In its analysis, the trade group found three key factors that could be constraining hiring in footwear stores: One, some types of retailers have hiked their pay and benefits in an attempt to attract and retain workers — perhaps as well as incentivize them to return to work amid the pandemic. Last month, for instance, average hourly wages paid across retail increased to a record high in April at $21.75 per hour. Shoe stores’ hourly pay, on the other hand, have remained “little changed” over recent months.

Another reason behind the lag could be the government’s unemployment benefits, which were doled out to millions as part of broader COVID-19 relief packages.

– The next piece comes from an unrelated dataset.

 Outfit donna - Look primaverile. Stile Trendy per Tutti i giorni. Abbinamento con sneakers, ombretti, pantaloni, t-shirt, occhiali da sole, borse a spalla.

The weekly additional pay, according to some employers, could have disincentivized lower-paid workers from returning to the labor force, which has limited the pool of available and interested employees for hire.

“I don’t blame individuals [for not working]. It’s just a function of what we have going on right now,” said Jeffrey Seidman, owner of Ahh Comfort Shoes in Arlington Heights. “If you’re making somewhere between $15 and $20 an hour, and you’re going to be able to stay at home and have $15 an hour, I get it. I really do. Who wouldn’t rather stay home than go to work?”

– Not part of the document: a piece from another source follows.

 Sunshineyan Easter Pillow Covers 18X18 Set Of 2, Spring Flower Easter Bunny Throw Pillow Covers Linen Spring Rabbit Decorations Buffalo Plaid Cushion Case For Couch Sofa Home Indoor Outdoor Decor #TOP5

What’s more, shoe store sales are said to still be “soft” compared to several of their sub-sector counterparts, which have posted year-over-year rebounds. The FDRA implied that this could mean “less immediate need” for workers as consumers spend at other higher-demand retailers like health and personal care or home furnishing stores.

“On balance, while we continue to expect shoe store sales will rebound appreciably in coming months against weak year-ago comps, we remain downbeat on prospects for the number of workers in shoe stores to recover as impressively,” added the organization.

Late last week, the Bureau of Labor Statistics reported a disappointing 266,000 new jobs in April, with the unemployment rate holding steady at 6.1%. The results were a far cry from economists’ estimates of a million new jobs and unemployment rate of 5.8%. The agency recorded notable gains in leisure and hospitality, partially offset by declines in temporary help services and in couriers or messengers.

“April’s jobs report shows progress toward getting back to pre-pandemic levels of employment but underscores the continued need for additional targeted relief for small businesses,” added International Council of Shopping Centers spokesperson Stephanie Cegielski. “As vaccine rollout continues and more businesses are able to operate at full or near-full capacity, we expect hiring to pick up significantly over the summer. We are confident the economy remains on a strong trajectory, and other indicators — including retail sales and consumer confidence — suggest these predictions will come true.”

This story was updated with a statement from the International Council of Shopping Centers.